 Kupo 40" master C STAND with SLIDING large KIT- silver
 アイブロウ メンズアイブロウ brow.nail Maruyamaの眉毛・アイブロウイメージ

———

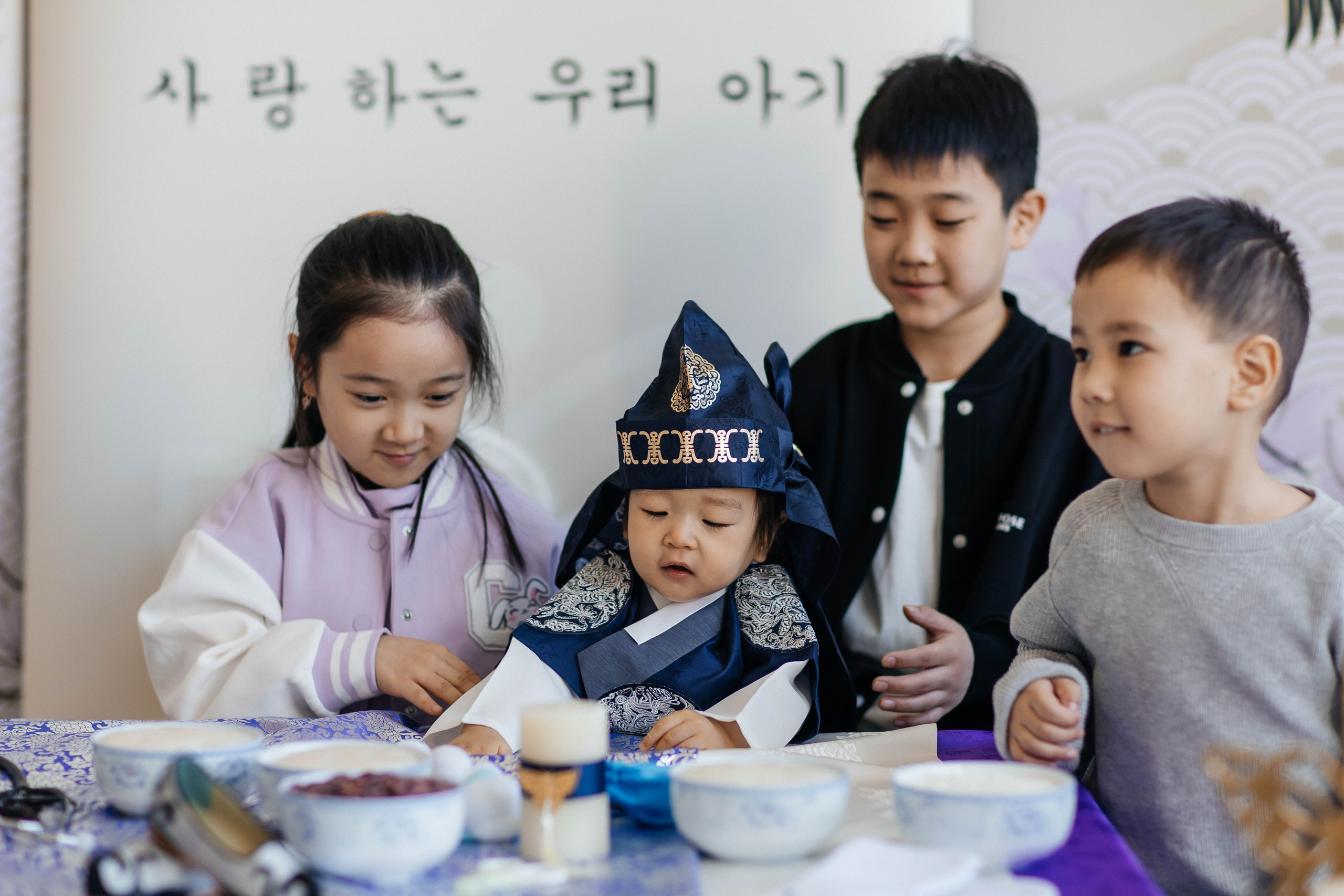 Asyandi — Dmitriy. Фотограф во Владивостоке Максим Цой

———

• [YOUR ASSIGNMENT]: Beginning with the line containing "large KIT- silver" and ending with the line containing "アイブロウ メンズアイブロウ brow.nail", extract those lines exactly from the listing above, and only those.

• [RESULT]:
 Kupo 40" master C STAND with SLIDING large KIT- silver
 アイブロウ メンズアイブロウ brow.nail Maruyamaの眉毛・アイブロウイメージ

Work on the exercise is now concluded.